In turn, these newfound skills will play a large role in enabling tech pros to handle broader responsibilities, such as project management and becoming part of the decision-making process, “which 34% of respondents say is their biggest opportunity at work in the next year.”
“In addition, these skills will help tech pros foster improvements in relationships with management teams, customers, and teammates. Relationships are the building blocks for success, and these nontechnical skills are the keys to building better relationships.”
- Securing the enterprise in 2022 by normalizing risk aversion
Cybercrime has reached a new peak with the onslaught of ransomware attacks and data breaches in the last several months, observed Head GeekThomas LaRock. “The 2021 SolarWinds IT Trends Report details how organizations experienced medium exposure to enterprise IT risk over the past year.”
Although the survey respondents felt their existing risk mitigation and management policies/procedures were sufficient, he advised that it is critical for organizations and tech pros to adopt a mentality where even ‘medium’ risk exposure is unacceptable.
“We expect to see two trends emerge in 2022 in response to the evolving threat landscape”, he said. These two trends are:
• As the rate of attacks continues to accelerate in lockstep with hackers’ attack methodologies and schemes developing at scale, more tech professionals and organizations will look to cloud service providers, managed service providers (MSPs) and managed security service providers (MSSPs), and other third-party security tools (like those offered by Microsoft 365 subscriptions) to supplement their own IT policies and keep pace with the new, more effective security measures.
• Tech pros and the IT community at large will better secure the enterprise by normalizing a sense of risk aversion — that is, moving from simply accepting the current exposure to a mindset where any level of risk exposure is unacceptable.

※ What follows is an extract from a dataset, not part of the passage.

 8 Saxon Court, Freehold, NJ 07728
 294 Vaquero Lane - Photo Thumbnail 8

This means beginning to evaluate and implement the principles of a secure enterprise, starting first and foremost with understanding security compromises will happen as cyber hackers deploy more sophisticated attacks. Tech pros should also implement detection, monitoring, alerts, and response along the kill chain and engage in red team/tabletop exercises to measure effectiveness.
- DBAs will start to disappear
LaRock also noted that the rise of automation over recent years has been a disaster for traditional database administrators (DBAs): “More and more systems and processes have been automated with code, and as a result, the need for DBAs as we know them today is changing.”

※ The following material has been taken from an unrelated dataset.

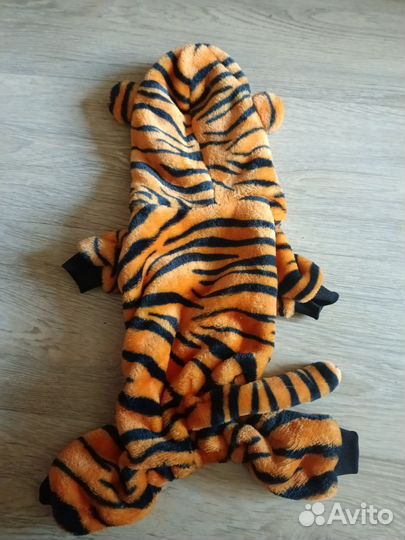 Комбинезон и толстовка для собак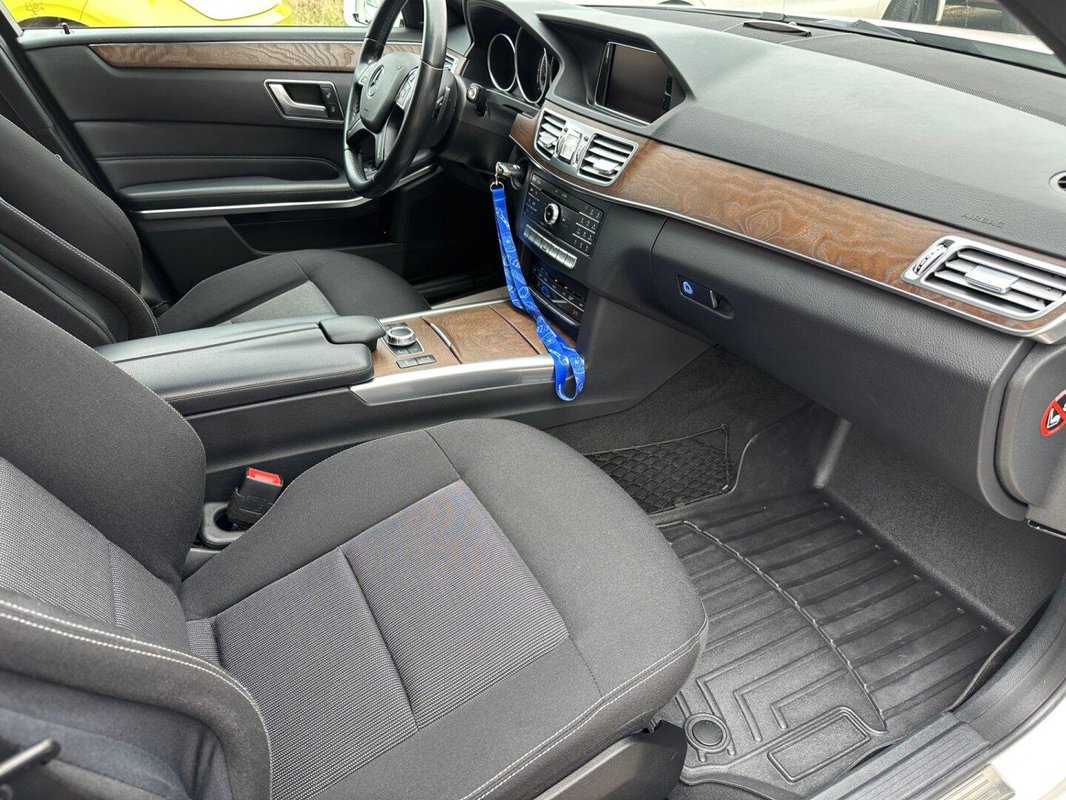 Mercedes-Benz Třídy E foto 11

“In 2022,” he predicts, “we’ll start to see the traditional DBA role evolve into something new — say, a database architect or database engineer — in response to these shifts. No longer should DBAs see themselves as purely operational or focused on maintenance of the data estate.”
Instead, as automation empowers them to take on work that is higher-level, more proactive, and more innovative, their role will increasingly focus on how to turn data into actionable insights capable of keeping business moving forward.

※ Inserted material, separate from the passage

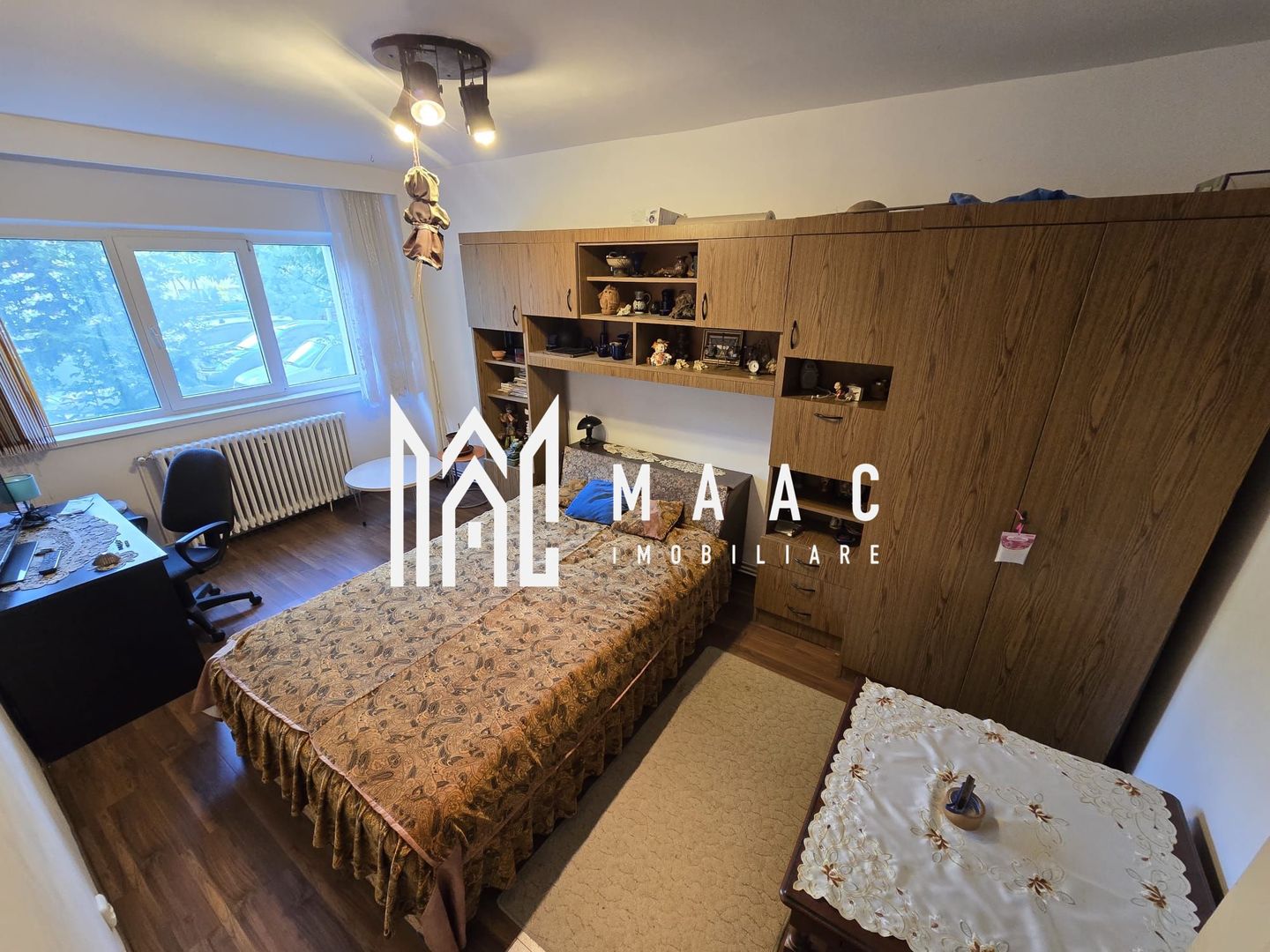 Apartament 3 camere decomandate 2 bai Zona Strand - Poză 1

“They’ll also play a role in advising the business on what databases would make the most sense for their organization. According to the SolarWinds Query Report 2021: Database Priorities and Pitfalls, 33% of tech pro respondents ranked cloud database as a service (DBaaS) as the number one priority to adopt over the next three years. The report also found a growing number of organizations are adopting and/or considering the adoption of NoSQL and open-source databases.”